(Dataset records)
*** Begin section ***
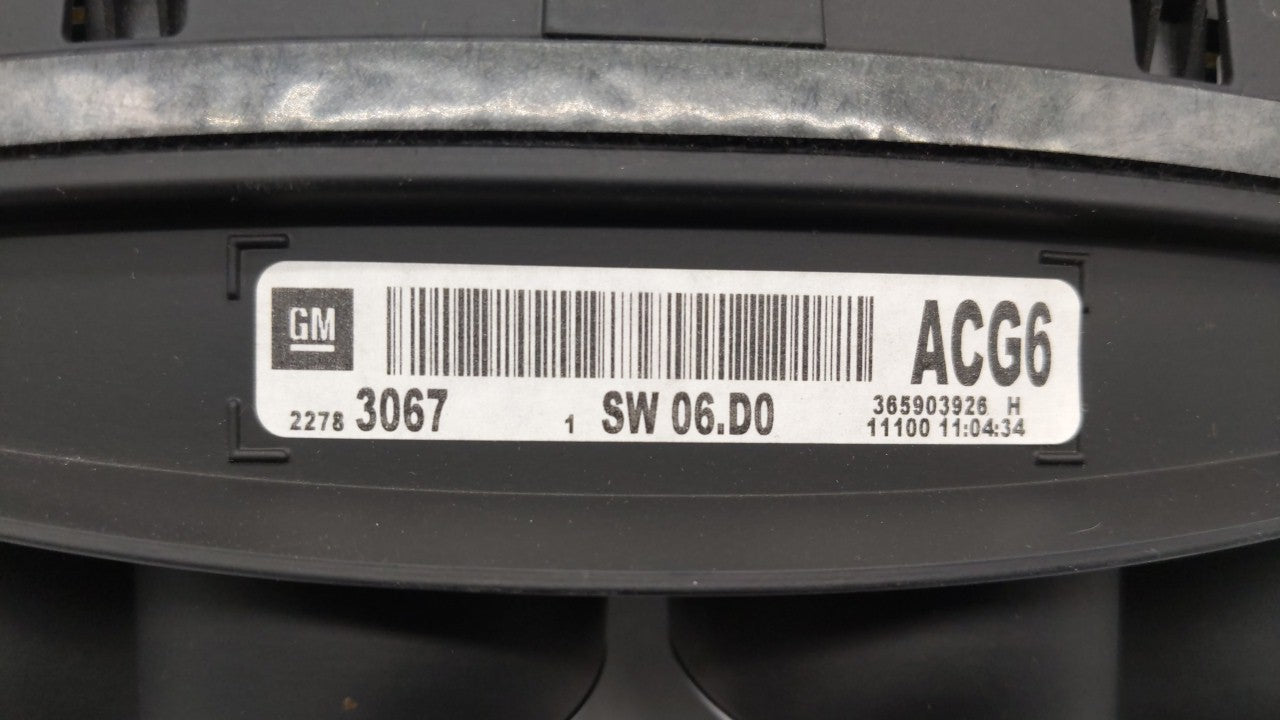 2011 Buick Regal Instrument Cluster Speedometer Gauges P/N:22783067 Fits OEM Used Auto Parts - Oemusedautoparts1.com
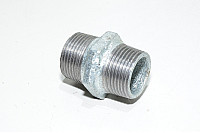 Pipe fitting cast iron straight extension with 1" male thread - 1" male thread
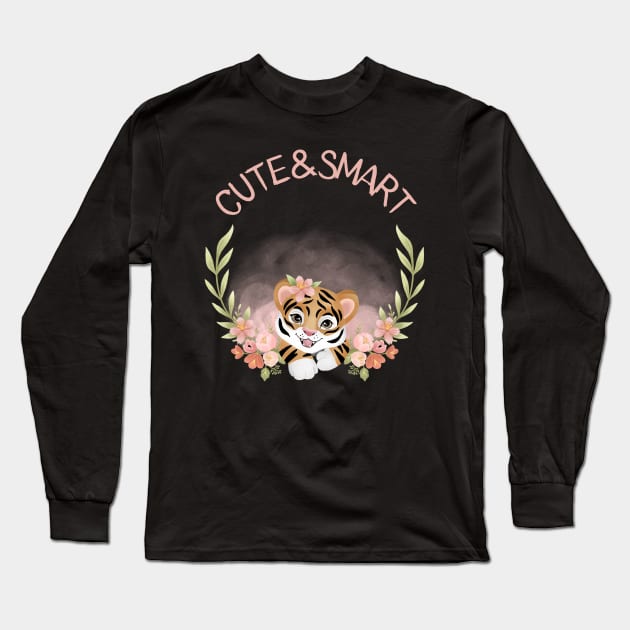 Cute and Smart Cookie Long Sleeve T-Shirt by BoogieCreates
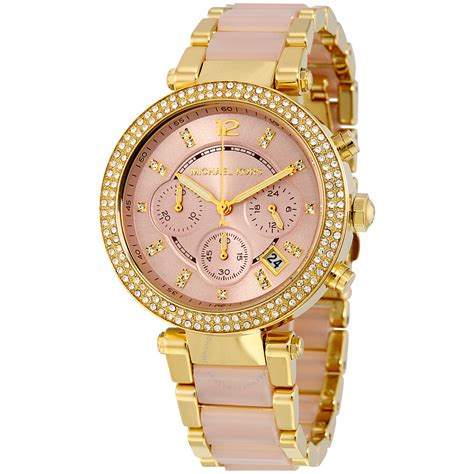 michael kors 6326|Michael Kors Parker Pink Dial Ladies Watch MK6326.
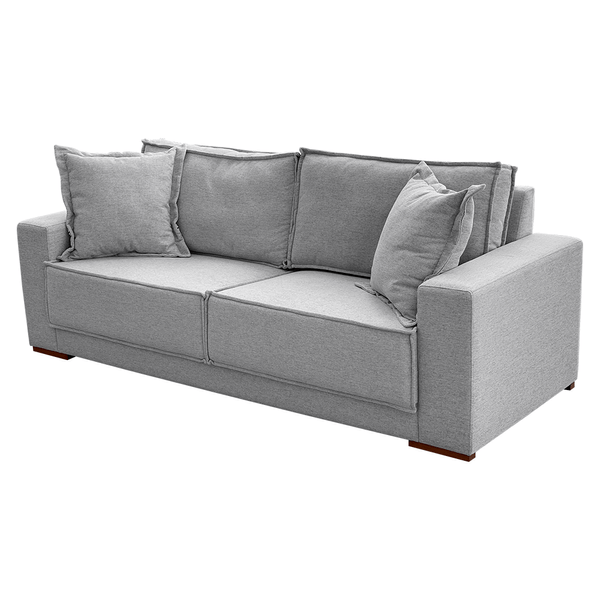 Sofá de Living Benedetti 3 Lugares (L: 220cm) C/ Molas Ensacadas Linho Cinza Sofá de Living Benedetti 3 Lugares (L: 220cm) C/ Molas Ensacadas Linho Cinza
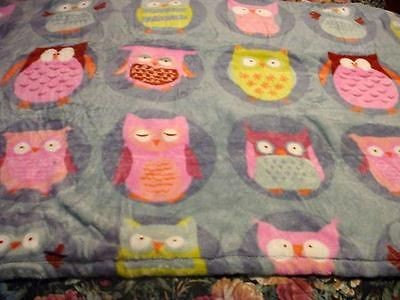 Owl Throw Blanket Super Soft Cuddly Plush 50 x 60
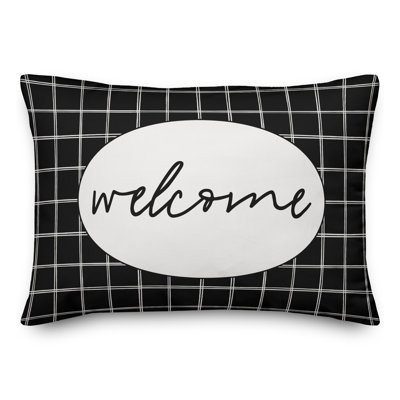  Housse de coussin rectangulaire et insert Welcome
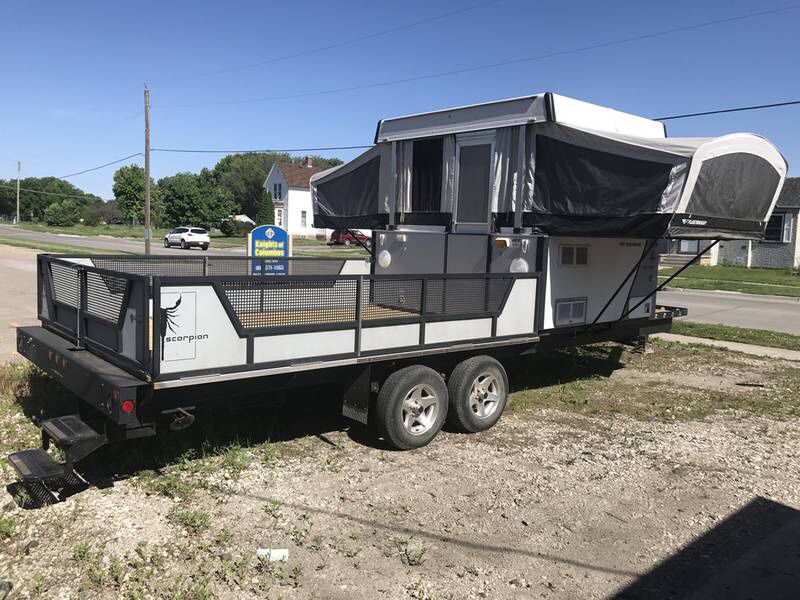 Toy Hauler Camper Rv Fleetwood Scorpion S1 For Sale Or Trade For Sale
*** End section ***
- Task item -
Excluding the pictures, write out exactly the lines from the line that contains "Housse de coussin" through the end of the records.

- Your response -
  Housse de coussin rectangulaire et insert Welcome
 Toy Hauler Camper Rv Fleetwood Scorpion S1 For Sale Or Trade For Sale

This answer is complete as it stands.